## PROBLEM REQUIREMENTS
Find the line that contains "2025 MINI Convertible - Photo 13". Copy it and every line after it to the end of the material below, exactly, with no pictures.

## DATA SUPPLIED
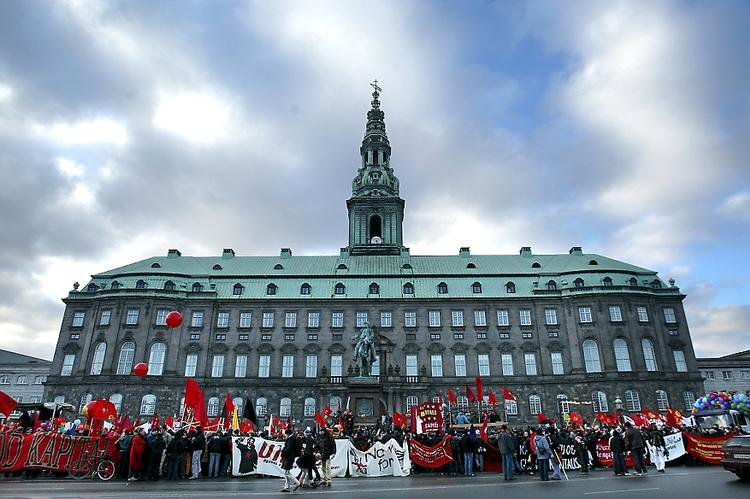 Slotsholmen. Regeringen er fast besluttet på at gennemtrumfe denne ledelse i samme form, som ledelse er kendt fra den offentlige forvaltning. 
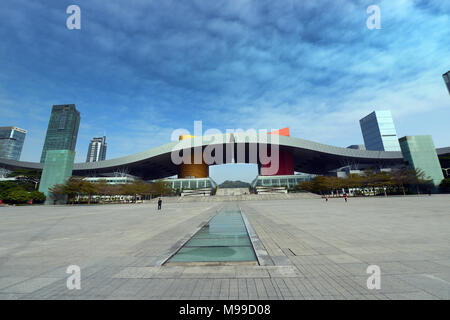 Die Shenzhen Civic Center in zentralem Geschäftsviertel Futian. Stockfoto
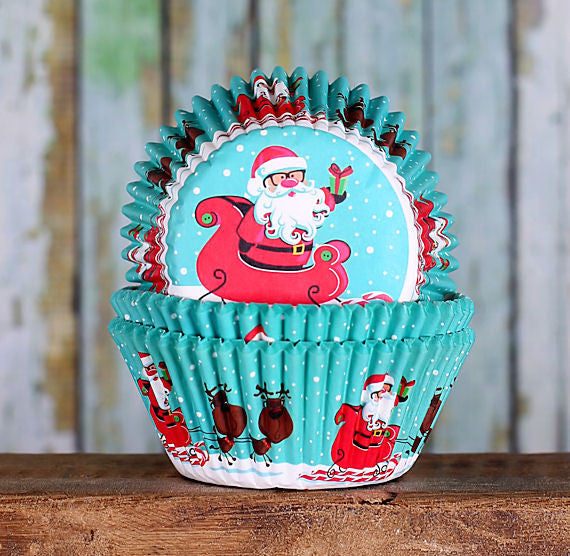 Vintage Santa Cupcake Liners | www.sprinklebeesweet.com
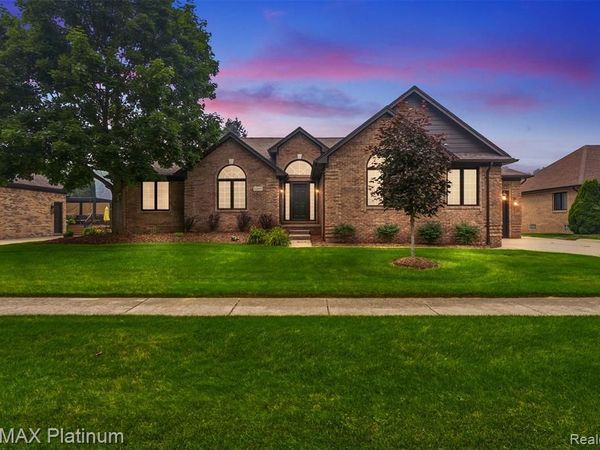 52655 Chestnut Grove Lane, Shelby Twp, MI 48316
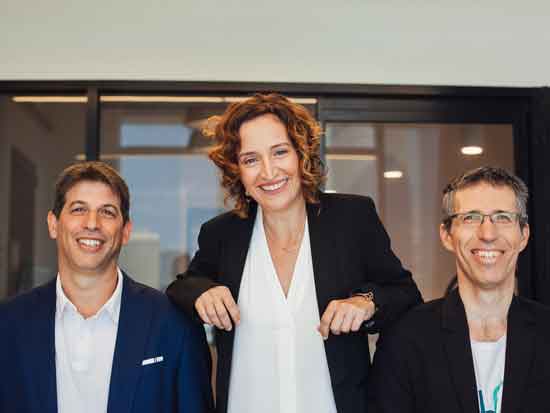 עינת גז עם השותפים, ראובן דרונג ועופר הרמן / צילום: אירה פרוהורובה, יח"צ עינת גז עם השותפים, ראובן דרונג ועופר הרמן / צילום: אירה פרוהורובה, יח"צ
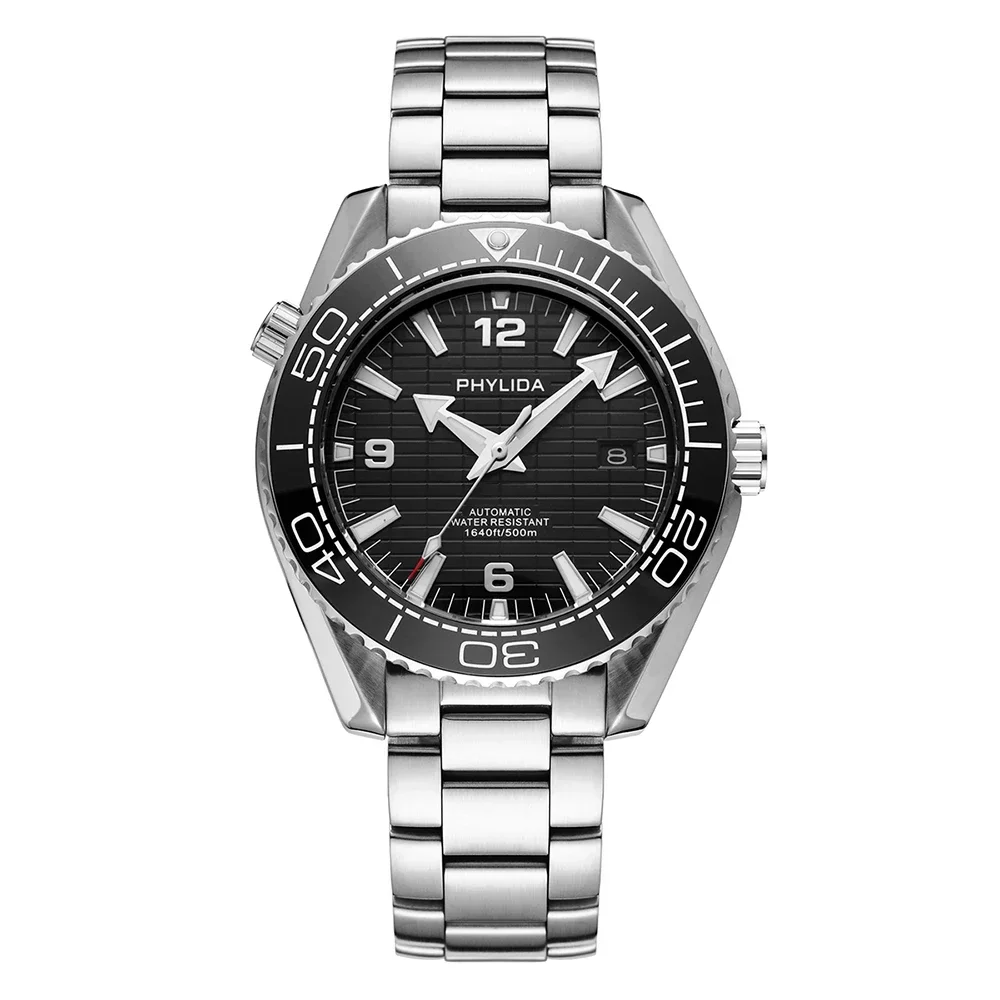 Automatic diver watch with black dial and sapphire crystal.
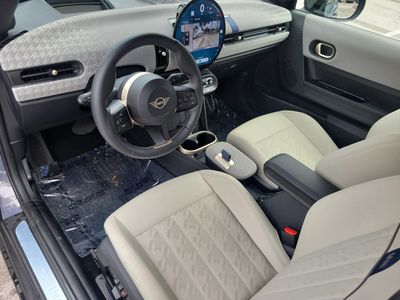 2025 MINI Convertible - Photo 13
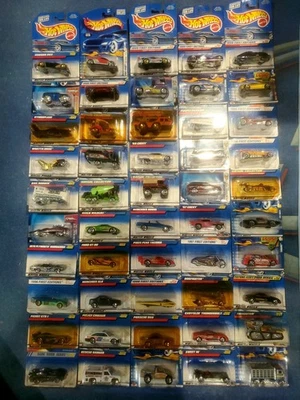 Hot Wheels Lote de 50 Coches Todavía en Paquetes de 1995-2003 Nuevo Antiguo Stock Lote #13 Foto 1 de 4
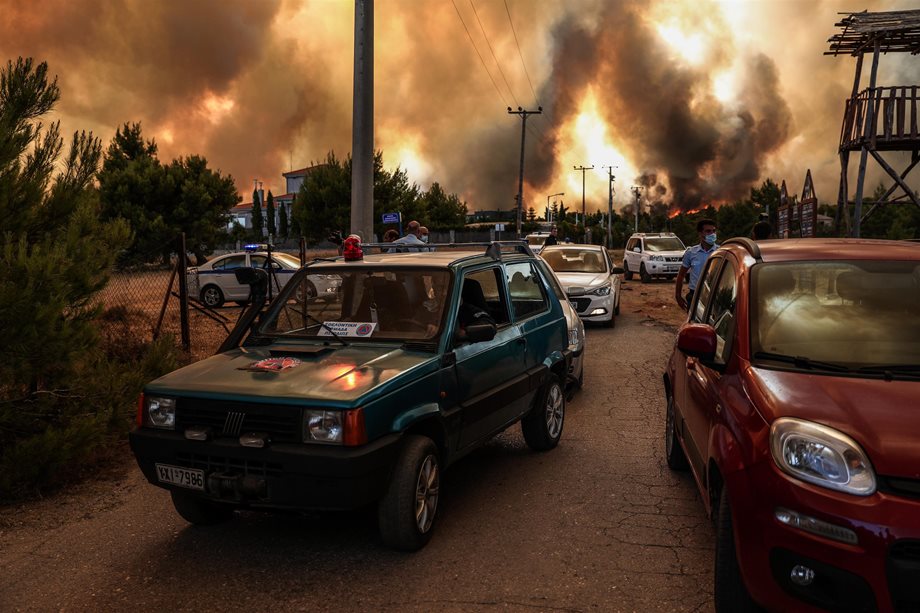 Φωτιά στη Βαρυμπόμπη: Μήνυμα από το 112 για εκκένωση του Κρυονερίου 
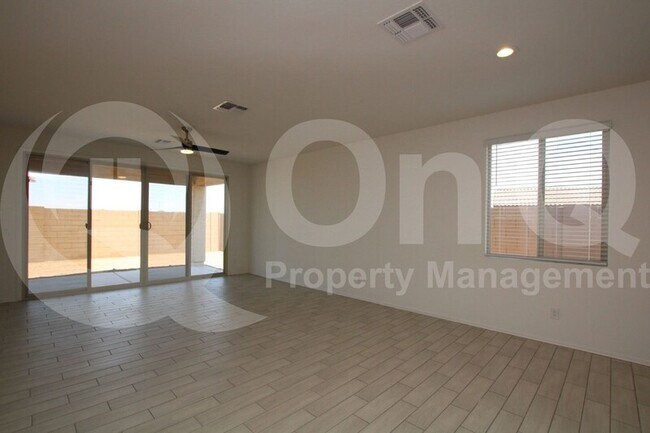 Building Photo - 2068 E Escondido Pl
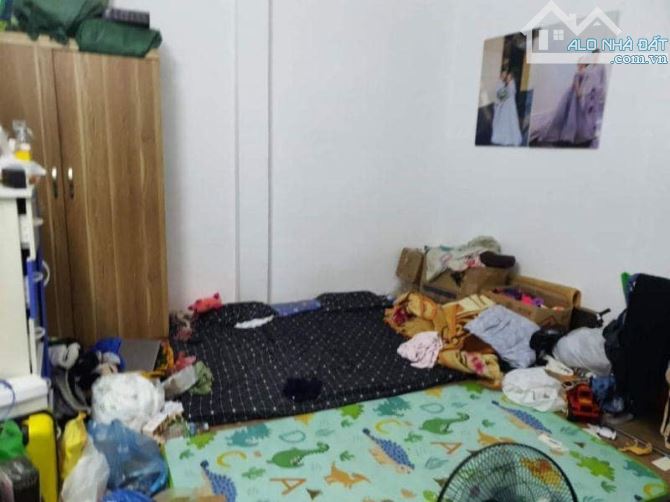 BÁN NHÀ NGÕ VĂN HƯƠNG ĐỐNG ĐA 25m 4T Mt 5m GIÁ 5 TỶ LÔ GÓC NGÕ THÔNG KINH DOANH. - 2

## EXERCISE SOLUTION
 2025 MINI Convertible - Photo 13
 Hot Wheels Lote de 50 Coches Todavía en Paquetes de 1995-2003 Nuevo Antiguo Stock Lote #13 Foto 1 de 4
 Φωτιά στη Βαρυμπόμπη: Μήνυμα από το 112 για εκκένωση του Κρυονερίου 
 Building Photo - 2068 E Escondido Pl
 BÁN NHÀ NGÕ VĂN HƯƠNG ĐỐNG ĐA 25m 4T Mt 5m GIÁ 5 TỶ LÔ GÓC NGÕ THÔNG KINH DOANH. - 2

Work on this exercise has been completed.